### TASK TO CARRY OUT
Please repeat, exactly and without pictures, the lines of the entries below that run from the one containing "Defymoda Kadın Balıkçı" through the one containing "Hugo Boss Jacket".

### MATERIAL SHOWN
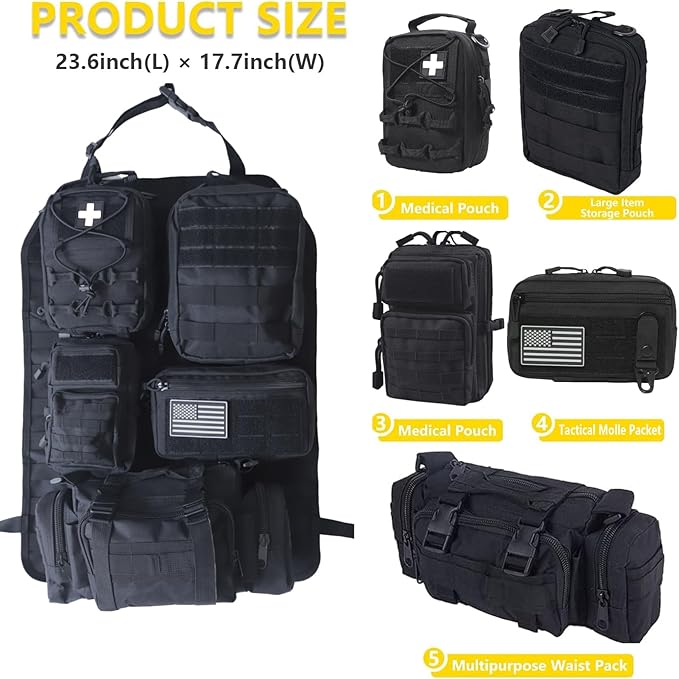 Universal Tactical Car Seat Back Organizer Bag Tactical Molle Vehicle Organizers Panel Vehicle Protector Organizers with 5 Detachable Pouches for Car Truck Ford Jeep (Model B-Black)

==

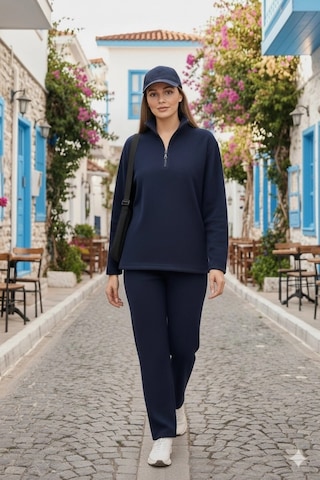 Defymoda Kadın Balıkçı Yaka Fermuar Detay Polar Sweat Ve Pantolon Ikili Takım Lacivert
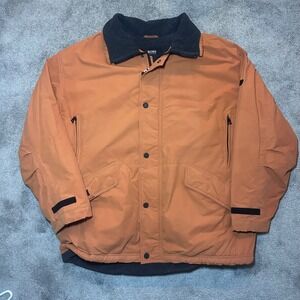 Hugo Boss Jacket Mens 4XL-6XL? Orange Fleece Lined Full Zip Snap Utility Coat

--

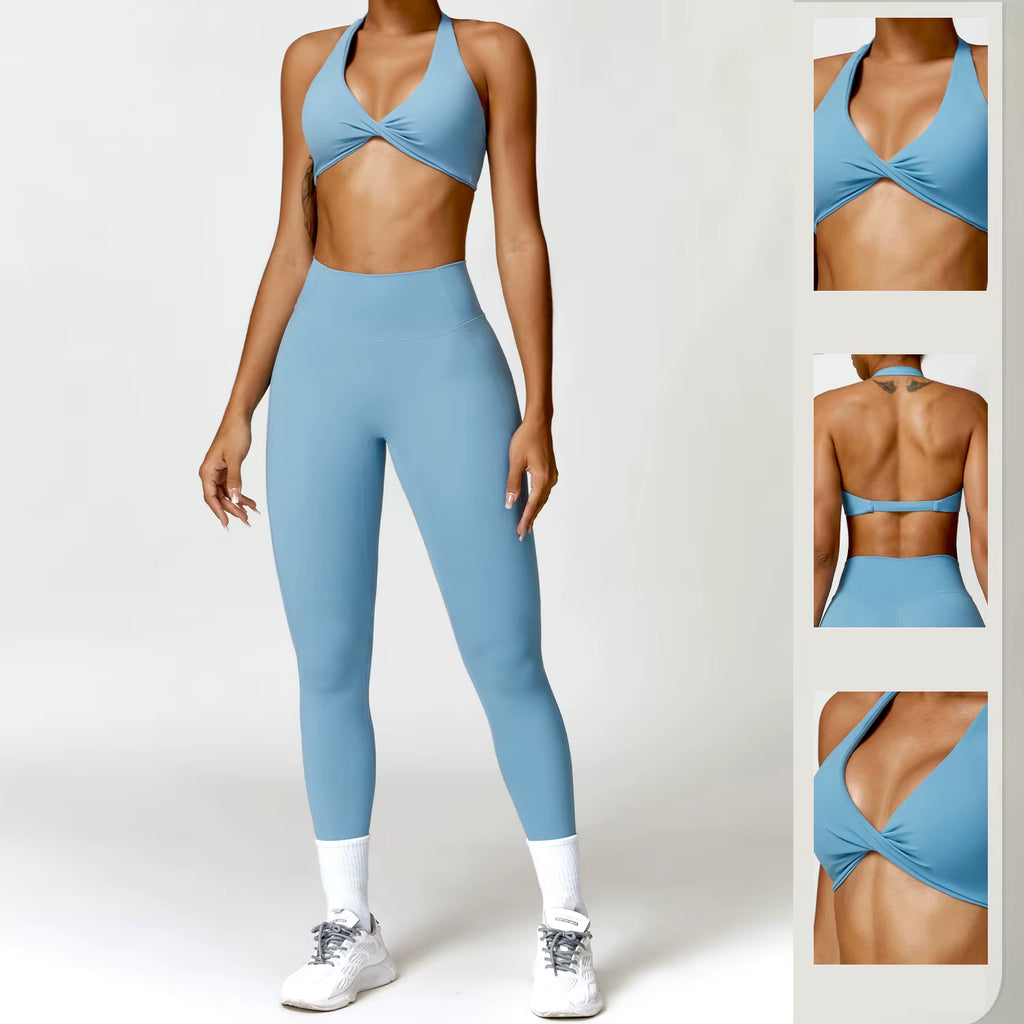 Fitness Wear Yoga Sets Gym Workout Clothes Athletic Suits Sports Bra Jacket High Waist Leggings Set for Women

### WRITTEN RESPONSE
 Defymoda Kadın Balıkçı Yaka Fermuar Detay Polar Sweat Ve Pantolon Ikili Takım Lacivert
 Hugo Boss Jacket Mens 4XL-6XL? Orange Fleece Lined Full Zip Snap Utility Coat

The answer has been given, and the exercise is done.